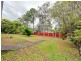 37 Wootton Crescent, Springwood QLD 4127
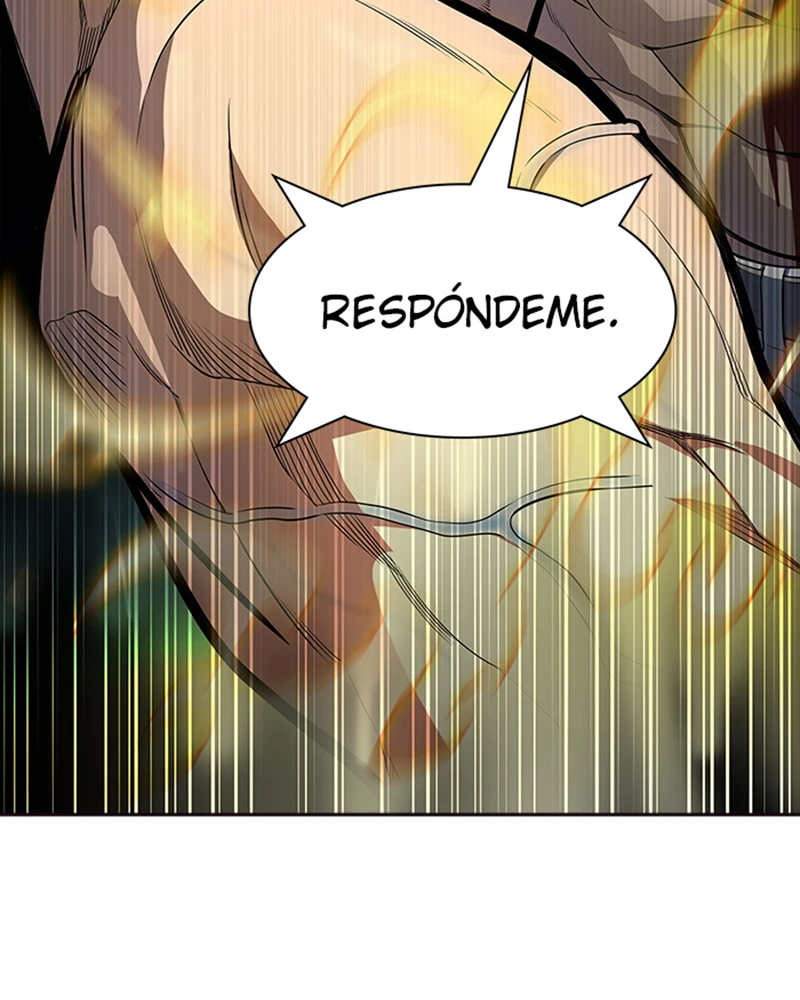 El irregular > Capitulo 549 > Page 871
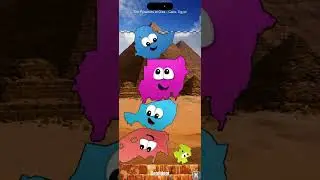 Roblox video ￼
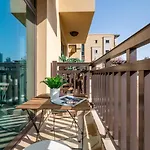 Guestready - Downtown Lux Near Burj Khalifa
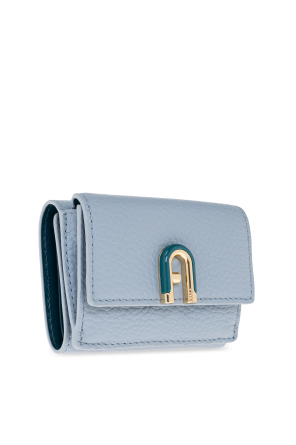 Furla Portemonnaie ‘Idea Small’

* * *

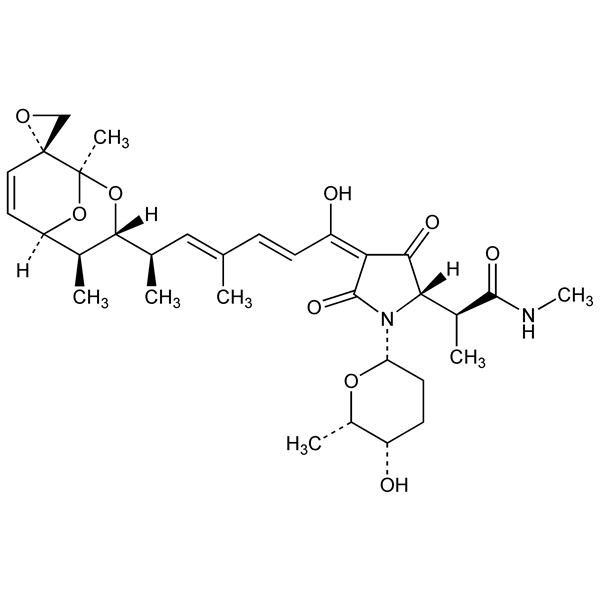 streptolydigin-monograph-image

== Exercise directions ==
Print exactly, with no pictures, the lines above from the one that holds "37 Wootton Crescent, Springwood QLD 4127" through the one that holds "Furla Portemonnaie ‘Idea Small’", both of them included.

== Output ==
 37 Wootton Crescent, Springwood QLD 4127
 El irregular > Capitulo 549 > Page 871
 Roblox video 
 Guestready - Downtown Lux Near Burj Khalifa
 Furla Portemonnaie ‘Idea Small’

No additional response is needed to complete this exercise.